Danish, who is being treated at Kailash Hospital in Noida, had a fractured skull with bleeding in the frontal lobe, following which he had to undergo two complicated brain surgeries.
Akhlaq’s autopsy report, on the other hand, suggested he died of ante-mortem injuries and haemorrhage caused by a blow to the head from a blunt object.
According to Sisodia, he was gripped by fear for his own life soon after he had sent Danish to hospital. “I feared that the mob would turn on me. After all, I used to dine with Akhlaq and his family often.”
Sub-inspector Satbir Singh Chauhan, who has been stationed outside Sisodia’s house, said, “Sisodia was the one who first called the police. When we checked Akhlaq’s phone, Sisodia’s number was the last dialled on his call log.”

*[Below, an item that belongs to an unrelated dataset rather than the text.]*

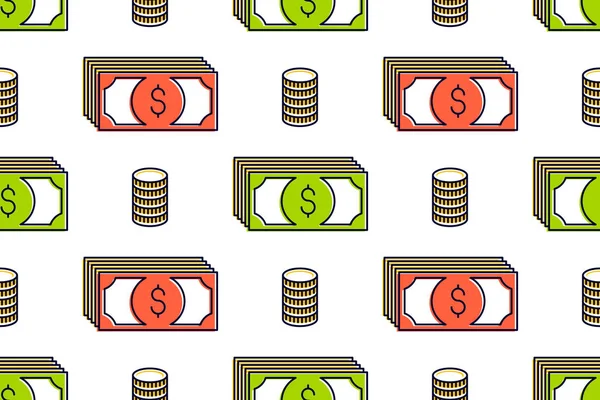 Money Cash Seamless Background Dollar Currency Money Signs Backdrop Financial — Stock Vector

Recalling his life-long friendship with Akhlaq, Sisodia said he was shocked at the unfortunate turn of events in his village where the two communities have always lived peacefully. “Ever since I learnt to speak, I have known him. I celebrated with him when his elder son got inducted in the Air Force and I saw his daughter grow up in front of my house. This is not the sort of village where Hindus and Muslims don’t mingle. Even though there are only about 30-40 Muslim families in a village of over 6,000 people, they have never faced any danger,” he said.
Sisodia said the villagers were upset with the patronizing tone of visiting politicians and heavy deployment of police force here. “Bisada has turned into a circus of some sort. There is continuous presence of police force. Every day a new politician visits us and media persons come along with him. In all this mess, the village has got no time to heal.”
Vishnu Singh, another Bisada resident, said, “Politicians and the media don’t have to tell us how to be civilized. Their tone is very patronizing. This is the first instance of communal violence here in centuries and this will be the last. We will be just fine if we are left alone.”